This book says nothing about hotels or restaurants, and is proud of it. What this is, is a sort of one volume archeological guide to the entire country. For almost every location, not just the tourist biggies, this guide gives info on ancient ruins, cemeteries, notable historical sites, etc., etc.
While you will find more on a given site in a book specializing in that area, I don't know of a book with as comprehensive a coverage for the entire country.
Note that there is a separate Blue Guide for Crete and for Athens. Crete is not covered in the Greek book, but Athens is, but not at the level of detail of the Blue Guide Athens. Even more confusingly, there is now a Blue Guide Mainland Greece as well that is 150 pages shorter. Highly recommended.
This book arranges quotes from sources by the geographic area they reference. The range of sources extends from all of the various Greek historical periods, with an emphasis on the classical. But you also get 19th century travel accounts, ancient poems, and more. Fair bit of poetry.
There are brief introductions and leadins to the quotes that help place them.
Quite a bit of material in a densely packed book.
"Hotels, resorts, restaurants, vineyards, galleries" is the accurate subtitle. Normally I don't go for celebrations of upscale Greece, the raw countryside and humble villages are upscale enough in terms of the density of beauty and real human life, but this book is a fun exception.
A very visual take on things, it does tend to focus on high-end consumer spending, but it does also have some nice references to events, sites and galleries (interpreted widely).
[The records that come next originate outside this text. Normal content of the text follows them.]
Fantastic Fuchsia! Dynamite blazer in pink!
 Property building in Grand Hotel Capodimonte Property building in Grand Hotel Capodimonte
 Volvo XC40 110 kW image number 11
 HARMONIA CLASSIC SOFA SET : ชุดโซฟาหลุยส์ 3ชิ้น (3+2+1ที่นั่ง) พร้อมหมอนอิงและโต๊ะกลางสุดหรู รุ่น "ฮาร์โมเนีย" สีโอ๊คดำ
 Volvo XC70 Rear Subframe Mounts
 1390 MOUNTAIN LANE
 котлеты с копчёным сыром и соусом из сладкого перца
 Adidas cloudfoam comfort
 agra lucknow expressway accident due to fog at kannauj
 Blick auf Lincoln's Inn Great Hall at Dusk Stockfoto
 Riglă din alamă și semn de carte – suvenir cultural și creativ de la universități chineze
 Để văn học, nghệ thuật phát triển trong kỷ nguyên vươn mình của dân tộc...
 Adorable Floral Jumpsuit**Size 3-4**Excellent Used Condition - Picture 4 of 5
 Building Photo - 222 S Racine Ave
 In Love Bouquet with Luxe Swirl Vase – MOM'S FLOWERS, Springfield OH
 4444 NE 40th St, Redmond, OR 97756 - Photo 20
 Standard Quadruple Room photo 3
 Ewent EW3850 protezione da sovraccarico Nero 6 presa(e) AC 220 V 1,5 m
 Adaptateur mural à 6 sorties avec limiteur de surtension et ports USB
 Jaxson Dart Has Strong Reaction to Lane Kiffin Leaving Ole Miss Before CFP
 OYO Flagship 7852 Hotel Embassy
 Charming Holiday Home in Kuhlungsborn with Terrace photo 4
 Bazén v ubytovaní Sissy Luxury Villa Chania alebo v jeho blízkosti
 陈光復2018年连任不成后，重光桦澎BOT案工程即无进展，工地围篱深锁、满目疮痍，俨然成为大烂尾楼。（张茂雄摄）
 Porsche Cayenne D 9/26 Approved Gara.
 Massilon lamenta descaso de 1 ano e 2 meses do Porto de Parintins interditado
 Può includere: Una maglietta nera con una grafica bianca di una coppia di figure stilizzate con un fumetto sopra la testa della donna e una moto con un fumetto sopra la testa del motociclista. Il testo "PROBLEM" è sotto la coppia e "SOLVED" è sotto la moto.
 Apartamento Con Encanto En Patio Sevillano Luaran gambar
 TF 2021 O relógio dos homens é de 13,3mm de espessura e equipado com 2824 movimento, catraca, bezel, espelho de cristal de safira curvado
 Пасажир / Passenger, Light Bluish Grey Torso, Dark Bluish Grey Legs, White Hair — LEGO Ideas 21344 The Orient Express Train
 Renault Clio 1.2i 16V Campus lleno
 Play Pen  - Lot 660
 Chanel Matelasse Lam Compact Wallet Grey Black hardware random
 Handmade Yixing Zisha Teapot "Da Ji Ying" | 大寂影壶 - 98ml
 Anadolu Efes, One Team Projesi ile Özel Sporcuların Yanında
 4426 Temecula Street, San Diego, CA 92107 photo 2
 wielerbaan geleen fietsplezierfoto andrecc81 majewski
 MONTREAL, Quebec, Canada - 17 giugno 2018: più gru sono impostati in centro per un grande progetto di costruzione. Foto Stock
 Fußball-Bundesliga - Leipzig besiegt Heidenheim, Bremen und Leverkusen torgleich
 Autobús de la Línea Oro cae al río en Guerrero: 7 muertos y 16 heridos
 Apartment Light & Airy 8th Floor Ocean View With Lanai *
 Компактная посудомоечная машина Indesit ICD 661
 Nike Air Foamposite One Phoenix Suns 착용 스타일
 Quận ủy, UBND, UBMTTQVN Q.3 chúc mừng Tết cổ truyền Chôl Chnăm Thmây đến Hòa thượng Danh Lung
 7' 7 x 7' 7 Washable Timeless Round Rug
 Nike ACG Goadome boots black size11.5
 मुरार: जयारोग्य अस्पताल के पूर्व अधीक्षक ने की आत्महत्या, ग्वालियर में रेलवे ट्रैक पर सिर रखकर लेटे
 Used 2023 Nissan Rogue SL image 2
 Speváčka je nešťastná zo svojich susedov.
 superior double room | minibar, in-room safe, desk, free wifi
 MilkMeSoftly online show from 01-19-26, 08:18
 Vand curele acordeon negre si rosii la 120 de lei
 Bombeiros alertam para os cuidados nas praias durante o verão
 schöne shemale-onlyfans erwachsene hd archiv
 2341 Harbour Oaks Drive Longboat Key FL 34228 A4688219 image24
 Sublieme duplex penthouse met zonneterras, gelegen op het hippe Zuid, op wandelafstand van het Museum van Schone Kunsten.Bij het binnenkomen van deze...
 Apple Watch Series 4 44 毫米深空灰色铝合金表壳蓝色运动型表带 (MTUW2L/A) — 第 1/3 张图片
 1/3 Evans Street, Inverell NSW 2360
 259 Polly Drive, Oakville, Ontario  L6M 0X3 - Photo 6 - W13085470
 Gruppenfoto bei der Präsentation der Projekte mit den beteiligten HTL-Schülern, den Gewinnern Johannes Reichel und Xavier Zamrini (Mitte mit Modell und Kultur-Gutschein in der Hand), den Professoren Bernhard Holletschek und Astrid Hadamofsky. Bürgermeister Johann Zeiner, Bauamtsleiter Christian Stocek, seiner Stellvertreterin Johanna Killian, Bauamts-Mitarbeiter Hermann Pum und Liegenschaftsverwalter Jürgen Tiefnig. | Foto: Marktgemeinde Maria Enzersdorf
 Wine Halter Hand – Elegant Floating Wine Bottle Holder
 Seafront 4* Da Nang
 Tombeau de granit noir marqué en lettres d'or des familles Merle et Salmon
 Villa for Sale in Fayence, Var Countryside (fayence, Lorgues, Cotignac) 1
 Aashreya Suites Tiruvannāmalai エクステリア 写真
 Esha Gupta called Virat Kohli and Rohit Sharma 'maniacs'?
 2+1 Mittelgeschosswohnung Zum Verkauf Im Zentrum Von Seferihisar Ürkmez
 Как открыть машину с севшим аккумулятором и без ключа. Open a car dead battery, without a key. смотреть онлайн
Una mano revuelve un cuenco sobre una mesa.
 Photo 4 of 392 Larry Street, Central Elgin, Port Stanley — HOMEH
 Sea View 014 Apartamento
The photography is particularly good with a few of the images being very striking indeed. In the end it is a little too much focused on hotels and restaurants to be really useful - a little broader range of cultural institutions would be nice. Some of the maps are not that helpful for locating the places discussed.
I don't think you'd really used this to plan a trip, but it is a great browse.
Covers all the country, arranged into geographical sections.
In contrast to the "Literary Companion" book above, this guide features mostly modern writers, some well known ( Durrell, Theroux), and many less well known.
The entries are longer, more of a series of essays on various subjects, typically ranging from 3 to 10 pages. As in all such collections, some are a hit, and some are not.
I've reviewed this magazine elsewhere, but I want to call your attention to their annual guides.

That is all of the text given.